ACTIVITY:
A verbatim copy is needed of the lines below from the one containing "Botki Wiosenne|Botki Sznurowane><noscript><img" up to and including the one containing "7055 Nash Road Property Photo 31", excluding pictures.

SUPPLIED DATA:
====

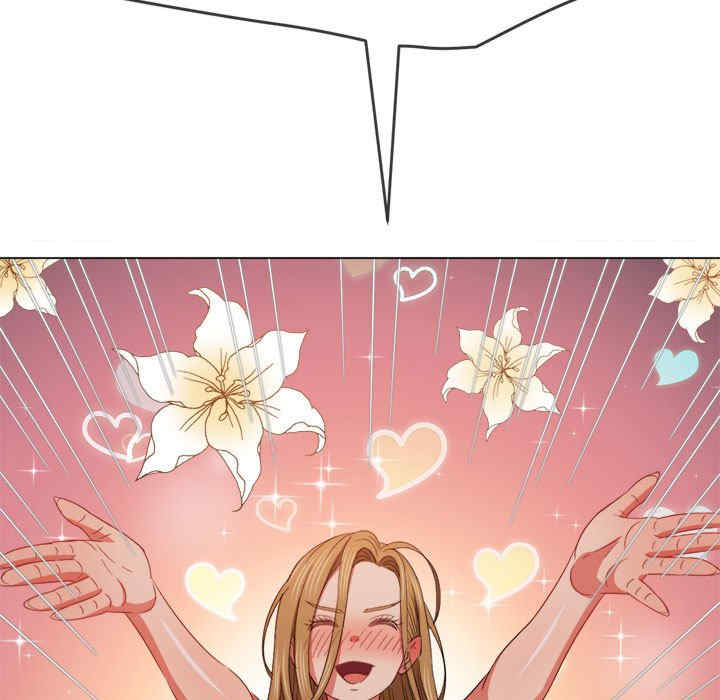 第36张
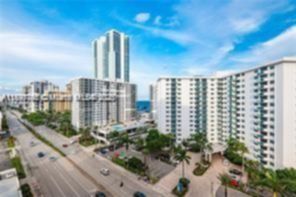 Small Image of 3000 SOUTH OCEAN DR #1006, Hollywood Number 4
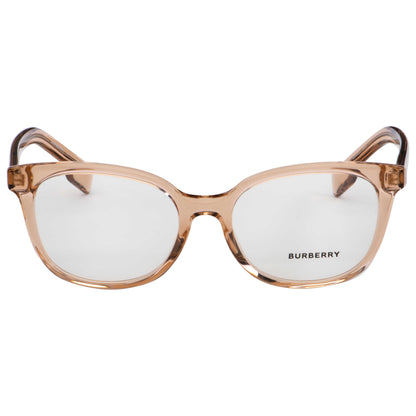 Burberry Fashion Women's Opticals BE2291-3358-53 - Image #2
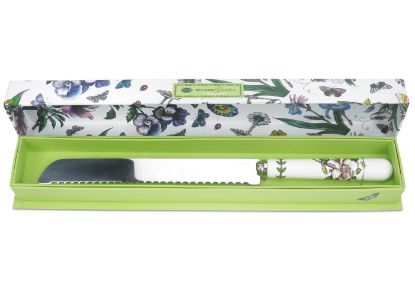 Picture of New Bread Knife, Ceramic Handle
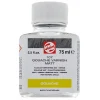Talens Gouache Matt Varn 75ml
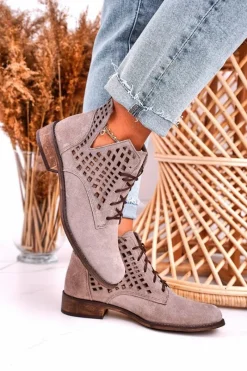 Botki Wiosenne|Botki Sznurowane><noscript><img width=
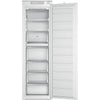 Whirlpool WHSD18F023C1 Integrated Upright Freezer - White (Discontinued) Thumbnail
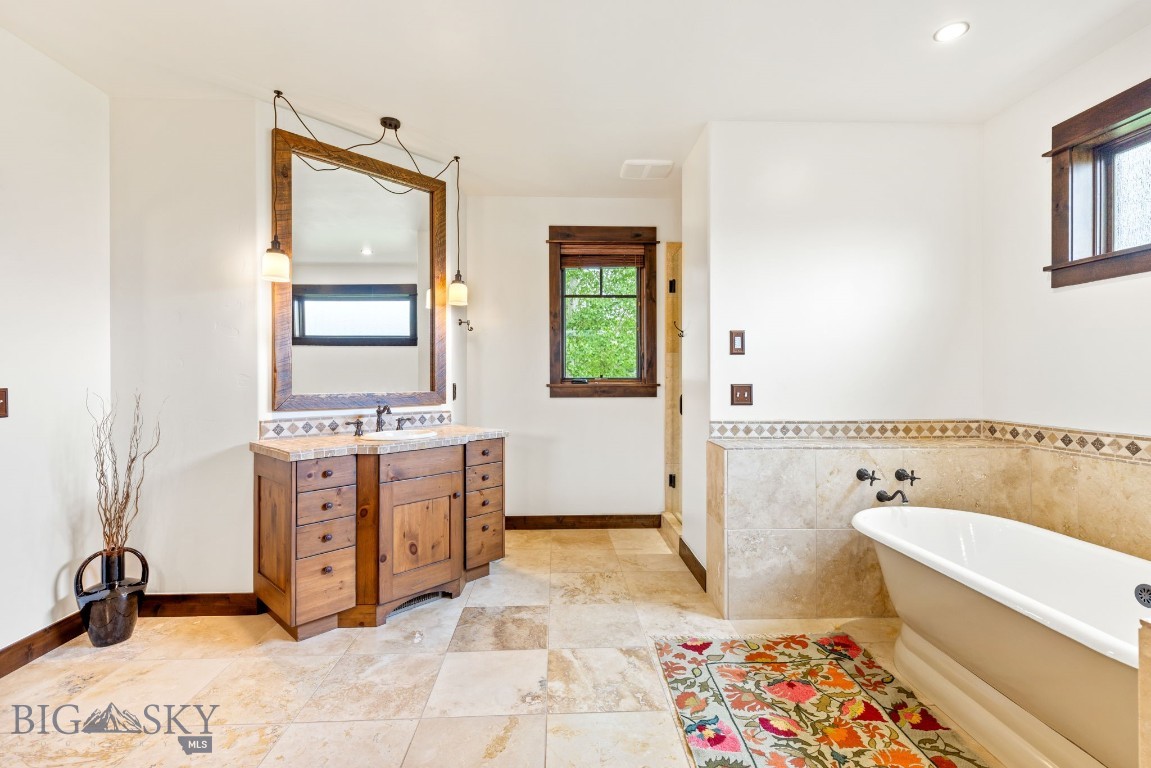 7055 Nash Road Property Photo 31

====

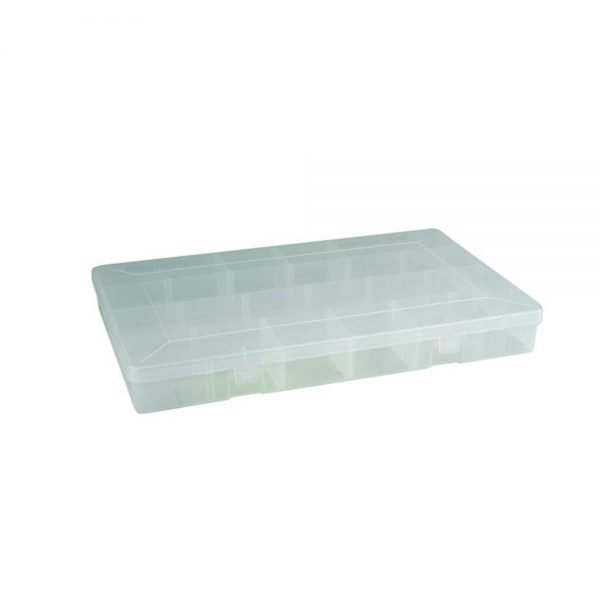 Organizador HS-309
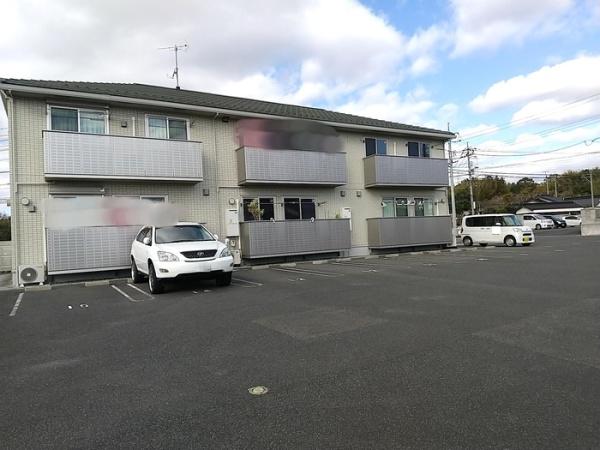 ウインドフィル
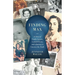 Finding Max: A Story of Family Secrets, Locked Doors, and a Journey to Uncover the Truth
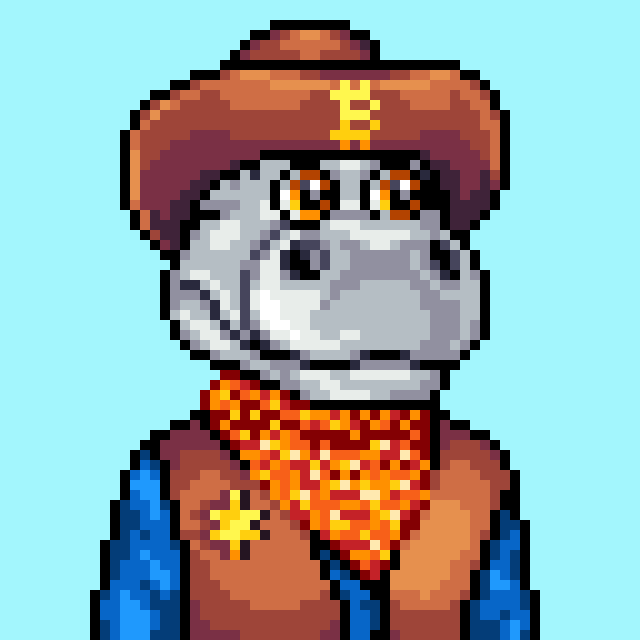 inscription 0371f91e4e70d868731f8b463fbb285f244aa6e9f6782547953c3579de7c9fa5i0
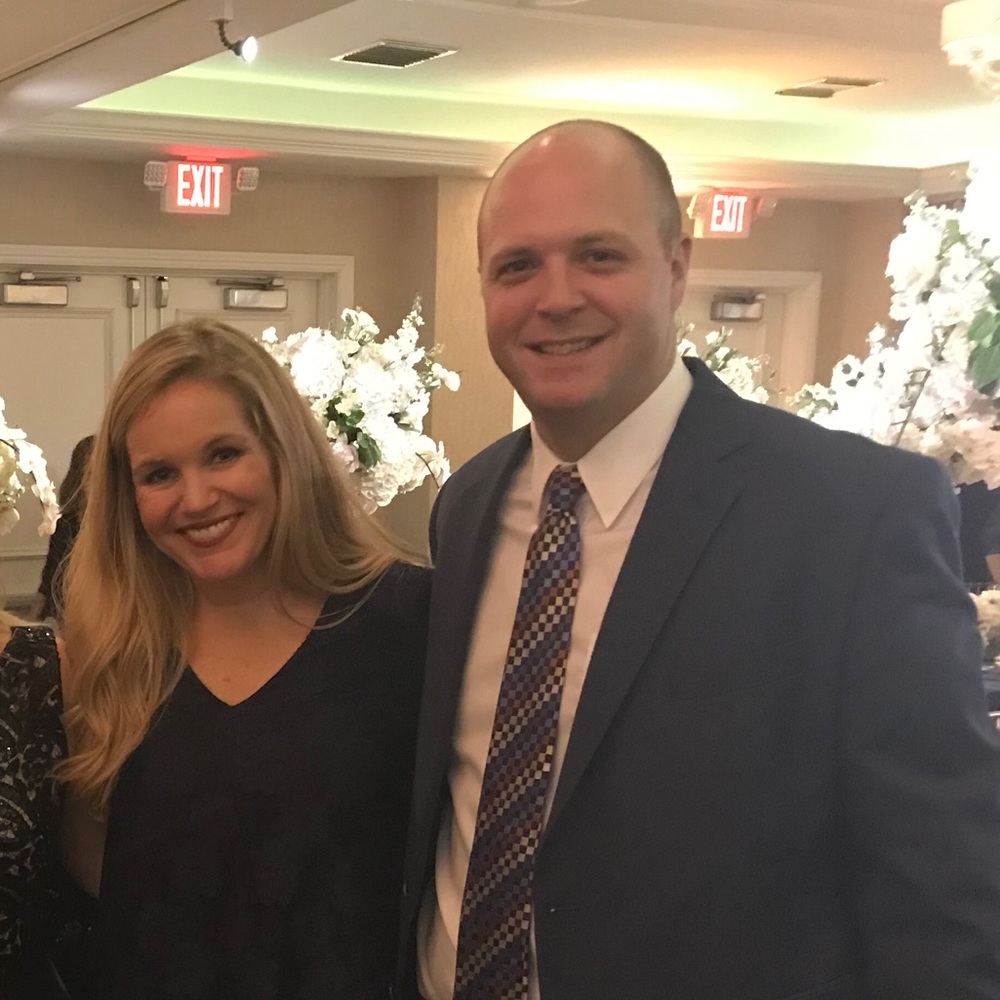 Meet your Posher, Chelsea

====

RESULT OF THIS EXERCISE:
 Botki Wiosenne|Botki Sznurowane><noscript><img width=
 Whirlpool WHSD18F023C1 Integrated Upright Freezer - White (Discontinued) Thumbnail
 7055 Nash Road Property Photo 31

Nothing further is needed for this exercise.